Ce n’est certainement pas passé par la logique. Nous avons signalé des modes de contamination de la pathologie extrêmement tôt. Dès mars, nous prévenions de l’importance de porter un masque. Le gouvernement, lui, a eu tendance à masquer les manques et rétablir une communication davantage basée sur ces manques plutôt que sur des éléments scientifiques. Ils ont fait du scientisme, ils ont inventé des faits. On a perdu beaucoup de temps. Quand ils ont eu des masques et qu’il leur était devenu impossible de tenir la position inverse, ils sont allés à l’extrême et ont obligé la population à porter le masque à l’extérieur alors qu’il n’existe aucun exemple de contamination de masse. De mon côté, je porte le masque sur le plateau, car c’est un lieu clos et je suis au contact des patients et des gens porteurs du Covid.

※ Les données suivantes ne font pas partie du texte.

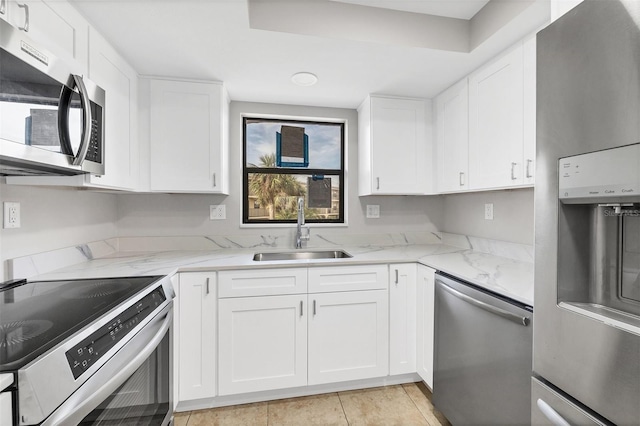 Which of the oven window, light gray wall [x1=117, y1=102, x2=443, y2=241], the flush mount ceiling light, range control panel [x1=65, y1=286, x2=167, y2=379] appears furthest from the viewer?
light gray wall [x1=117, y1=102, x2=443, y2=241]

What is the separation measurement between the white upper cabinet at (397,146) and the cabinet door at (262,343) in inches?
44.3

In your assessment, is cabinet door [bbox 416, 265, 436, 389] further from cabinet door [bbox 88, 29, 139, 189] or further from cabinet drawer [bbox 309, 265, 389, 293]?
cabinet door [bbox 88, 29, 139, 189]

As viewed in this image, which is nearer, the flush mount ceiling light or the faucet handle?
the flush mount ceiling light

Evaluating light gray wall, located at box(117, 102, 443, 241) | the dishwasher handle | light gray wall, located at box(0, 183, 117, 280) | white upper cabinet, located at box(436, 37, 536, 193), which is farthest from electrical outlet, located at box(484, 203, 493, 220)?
light gray wall, located at box(0, 183, 117, 280)

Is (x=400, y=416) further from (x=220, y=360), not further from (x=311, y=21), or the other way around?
(x=311, y=21)

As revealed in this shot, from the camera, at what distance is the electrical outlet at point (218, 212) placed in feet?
7.95

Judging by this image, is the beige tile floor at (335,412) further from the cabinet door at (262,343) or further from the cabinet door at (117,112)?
the cabinet door at (117,112)

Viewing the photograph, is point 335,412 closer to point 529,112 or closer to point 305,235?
point 305,235

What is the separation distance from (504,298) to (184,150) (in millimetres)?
2051

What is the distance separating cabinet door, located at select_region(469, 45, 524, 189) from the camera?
1.58 m

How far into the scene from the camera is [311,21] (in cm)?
156

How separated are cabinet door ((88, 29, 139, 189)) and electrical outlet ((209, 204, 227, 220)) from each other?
23.9 inches

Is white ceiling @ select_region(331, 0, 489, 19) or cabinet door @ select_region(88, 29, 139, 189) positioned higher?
white ceiling @ select_region(331, 0, 489, 19)

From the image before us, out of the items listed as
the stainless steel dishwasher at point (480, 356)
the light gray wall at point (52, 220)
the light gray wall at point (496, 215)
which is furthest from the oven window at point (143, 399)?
the light gray wall at point (496, 215) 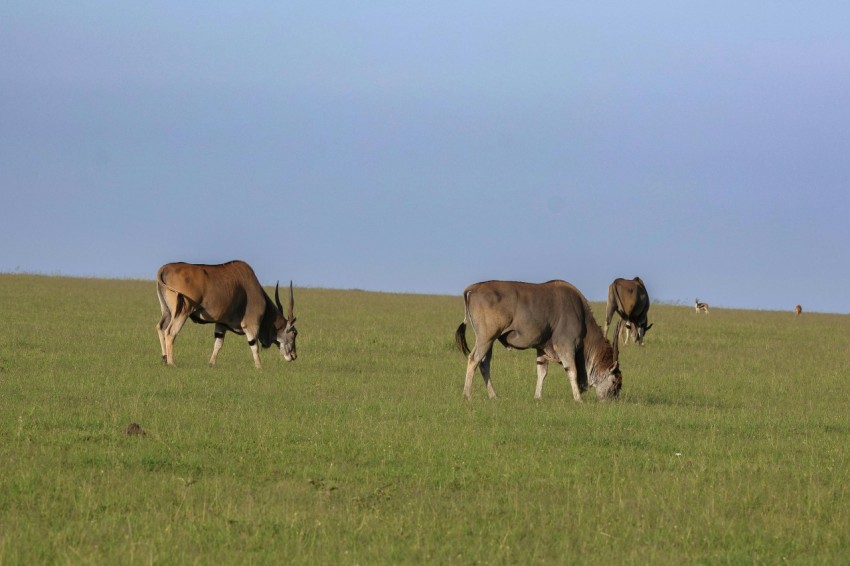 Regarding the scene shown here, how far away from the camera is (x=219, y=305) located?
1980 centimetres

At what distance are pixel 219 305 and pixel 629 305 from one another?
1221 cm

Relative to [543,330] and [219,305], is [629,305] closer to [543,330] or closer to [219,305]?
[219,305]

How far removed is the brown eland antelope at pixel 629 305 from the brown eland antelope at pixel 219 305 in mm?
10356

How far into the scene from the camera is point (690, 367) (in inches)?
912

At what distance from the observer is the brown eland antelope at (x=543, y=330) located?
51.4ft

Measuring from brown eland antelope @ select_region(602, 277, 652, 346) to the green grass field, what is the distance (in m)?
8.27

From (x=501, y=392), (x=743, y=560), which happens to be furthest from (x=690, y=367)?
(x=743, y=560)

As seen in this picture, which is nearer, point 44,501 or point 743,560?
point 743,560

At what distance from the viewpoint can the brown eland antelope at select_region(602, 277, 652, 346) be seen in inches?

« Le gouvernement a fait du scientisme, il a inventé des faits »

Vous avez fustigé le contenu du documentaire Hold-up, redoutant que des médecins puissent être agressés face aux accusations ciblant la profession. Craignez-vous, plus généralement, une remise en question de l’autorité des médecins, comme peuvent le subir les policiers ou les pompiers ?

Peut-on parler d’autorité du médecin ? Je crois que le temps a bien changé, le soin se fait avec deux patients, nous ne sommes plus dans le cas d’un sachant et de quelqu’un qui obéit. Quand on me parle de pouvoir médical alors que le conseil scientifique n’a pas été écouté par les politiques... Les médecins sur les plateaux ont lancé des alertes, et pour beaucoup, fort heureusement. Les masques et les mesures prises dans les écoles sont venus des alertes lancées. Est-ce que c’est un pouvoir ou juste le fait de revendiquer des éléments scientifiques ? Ce qui est grave, c’est de manier des éléments d’autorité. Des gens, sous prétexte de leur titre, vont affirmer des contre-vérités et les faire passer pour des arguments d’autorité. C’est le problème des « rassuristes » qui vous disent : « Il ne se passe rien, on vous raconte des bêtises », et aujourd’hui tiennent des discours anti-vaccins. Sur Hold-Up, des figures manient l’argument d’autorité en relatant des fake news grossières que certains esprits pourraient prendre au pied de la lettre et aller agresser les médecins qui ne pensent pas comme eux.